俺の前にも皿が置かれる。茶褐色の濃厚なソースと、黄色がかったソースがたっぷりとかかっていた。

もう“ヌメり這い”の面影はねえ。見た目だけなら、十分にご馳走だ。


「……いくか」


覚悟を決めて、口に放り込む。


「あッ、つ、熱つッ!!」

「だから、熱いって言ったでしょ」


アリシアがくすりと笑う。


口の中で転がして冷ましながら噛み締めると――


外はカリッと、中はとろり。

その中から、弾力のあるタコの旨味が弾け出す。


「……これは……」


悔しいが、うまい。


「まだたくさんあるから、遠慮しないで食べてね」


その言葉に甘えて、気づけば腹いっぱいになるまで食っていた。


「美味しいでしょ?」


……認めざるを得ねぇ。


今の時期、あいつは海にいくらでもいる。
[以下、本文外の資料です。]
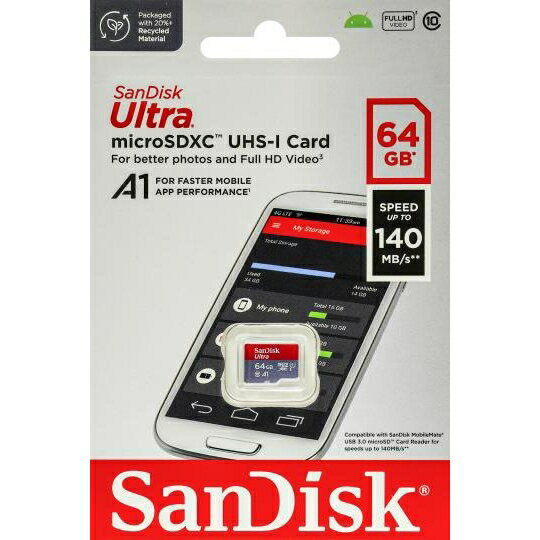 【新品】SanDisk 【M43】SDSQUAB-064G-GN6MN 64GB MicroSDXC UHS-I Class10 R-140M アダプタなし【川越クレアモール】保証期間1週間
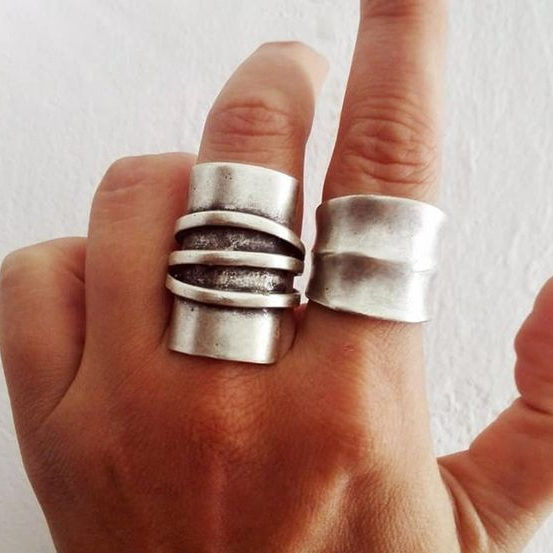 Retro Silver Ring Set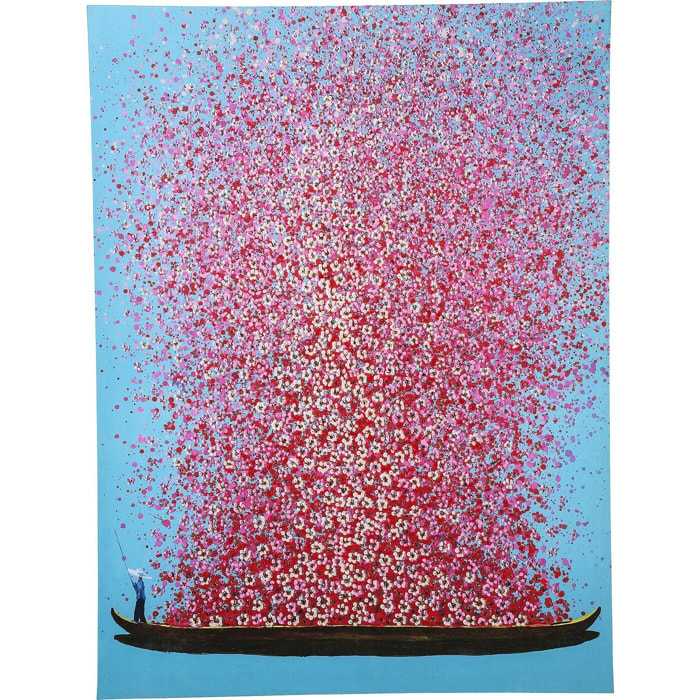 Tableau Touched fleurs pirogue bleu et rose Kare Design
あの不気味な見た目が、ここまで化けるとはな。


(あの鉄板……鍛冶屋に頼めば作ってもらえるか?)


そんなことを考えている自分に、思わず苦笑する。


――後に「ゲテモノ食いのザック」と呼ばれるようになるのだが、それはまた別の話だ。


ーーー


「やれやれ……美味ければ悪魔も食う、か」


吾輩は目の前に並べられた六つの丸い塊を見つめながら呟いた。


「悪魔じゃなくてタコだけどね」


アリシアが楽しげに返す。


「ふん。見た目で食わぬなど、ただの食わず嫌いじゃ」


「クロちゃん食べないの?」

「十分に冷ましてからじゃ」


ミーアが不満そうに頬を膨らませる。


「熱いのが美味しいのにー」

「猫に熱々のものを食わせるな」


ふん――だが。


この“たこ焼き”という代物、冷めてもなお旨味を逃がさん。なかなか見どころがある。


「文句言うけど、ちゃんと食べるのね」

「当たり前じゃ。食い物に罪はないからの」


アリシアが面白そうにこちらを見る。


「悪魔なのにね」

「悪魔でも、猫でも、人でも――変わらん理じゃ」


吾輩は、ほどよく冷めた一つを口に運ぶ。


外は軽く締まり、中は柔らかい。噛めば旨味が広がる。


海から来た未知の味。

霧の魔女堂の食卓は、今日もまた――静かな幸福に満ちていた。